Aim of the task -
Every entry is to be copied exactly as written, and the pictures are to be skipped.

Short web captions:
== Segment start ==
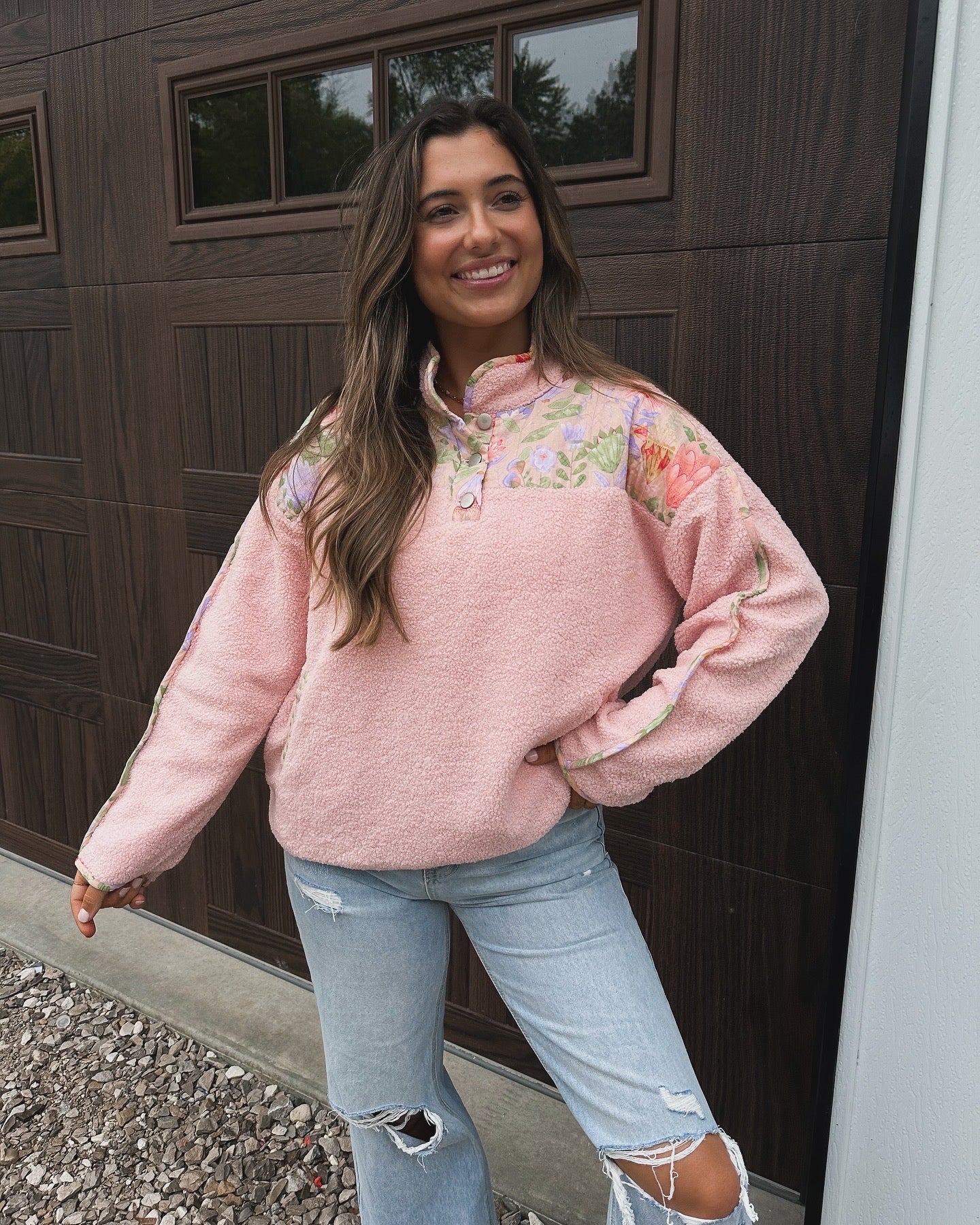 Cozy Floral Pullover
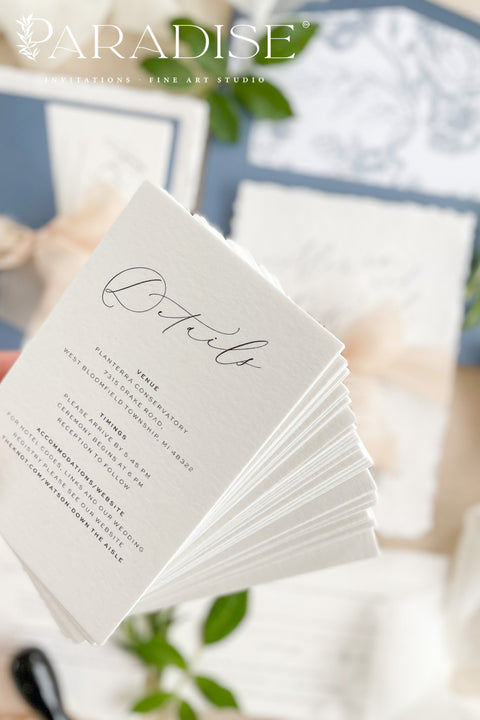 Bring timeless elegance to your celebration with our handmade deckled-edge wedding invitations, beautifully designed with dusty blue accents, soft chiffon ribbon, and a hand-drawn wedding venue illustration. Crafted for couples who value art, detail, and romance, each invitation is made by hand using premium cotton paper for a naturally textured, fine art finish. Perfect for fine art, garden, coastal, or destination weddings, this suite blends artisan craftsmanship with minimalist modern design.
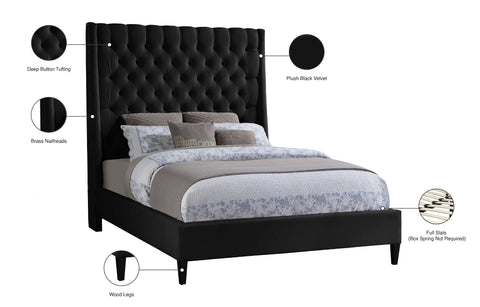 Amara Black Velvet Upholstered Full Bed, 1 Piece (Style 2)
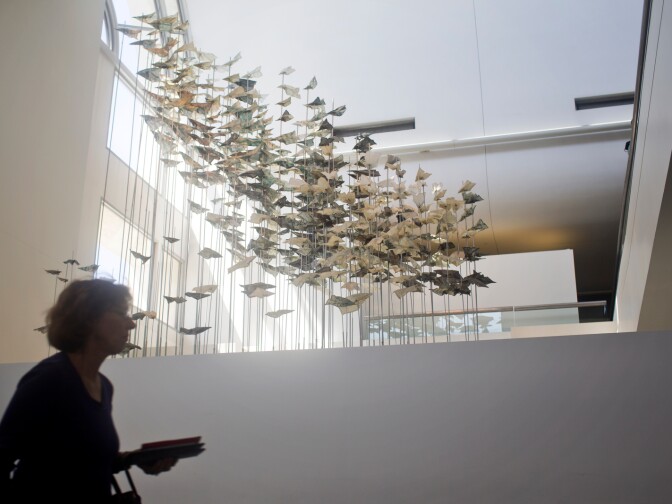 Joyce Dallal's Elevate installation is on display inside the departures atrium at terminal 3 in Los Angeles International Aiport.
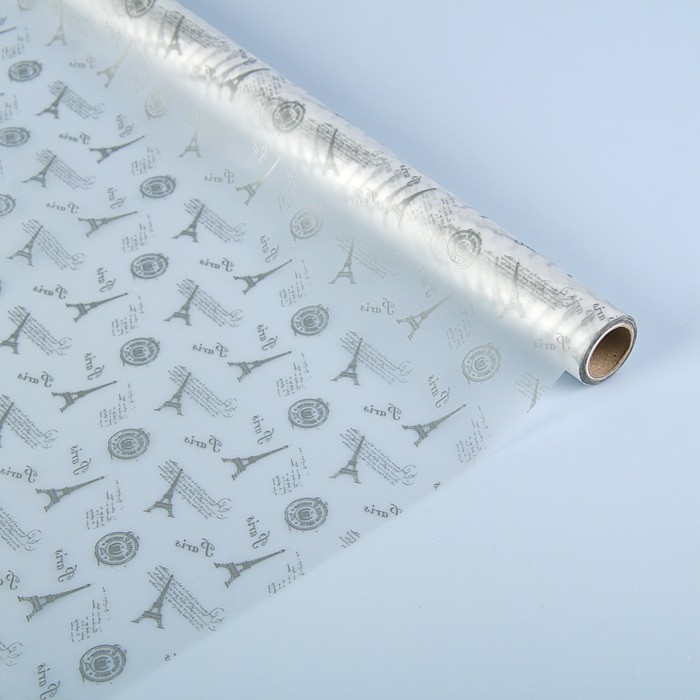 Пленка матовая "Париж", серебро, 0,7 х 10 м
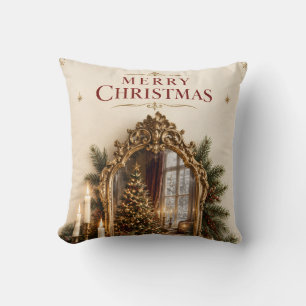 Eleganter Antiker Spiegel Weihnachten, Vintage Eur Kissen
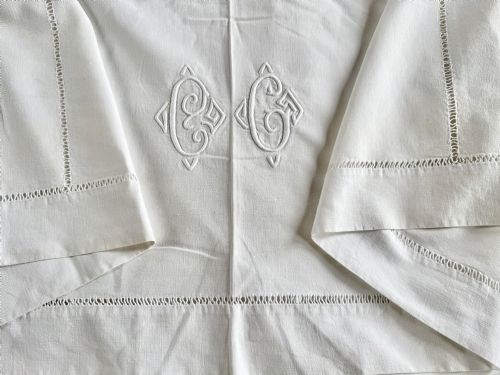 Vintage French Monogrammed Metis Linen Dowry Sheet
== Segment end ==
Output -
 Cozy Floral Pullover
 Bring timeless elegance to your celebration with our handmade deckled-edge wedding invitations, beautifully designed with dusty blue accents, soft chiffon ribbon, and a hand-drawn wedding venue illustration. Crafted for couples who value art, detail, and romance, each invitation is made by hand using premium cotton paper for a naturally textured, fine art finish. Perfect for fine art, garden, coastal, or destination weddings, this suite blends artisan craftsmanship with minimalist modern design.
 Amara Black Velvet Upholstered Full Bed, 1 Piece (Style 2)
 Joyce Dallal's Elevate installation is on display inside the departures atrium at terminal 3 in Los Angeles International Aiport.
 Пленка матовая "Париж", серебро, 0,7 х 10 м
 Eleganter Antiker Spiegel Weihnachten, Vintage Eur Kissen
 Vintage French Monogrammed Metis Linen Dowry Sheet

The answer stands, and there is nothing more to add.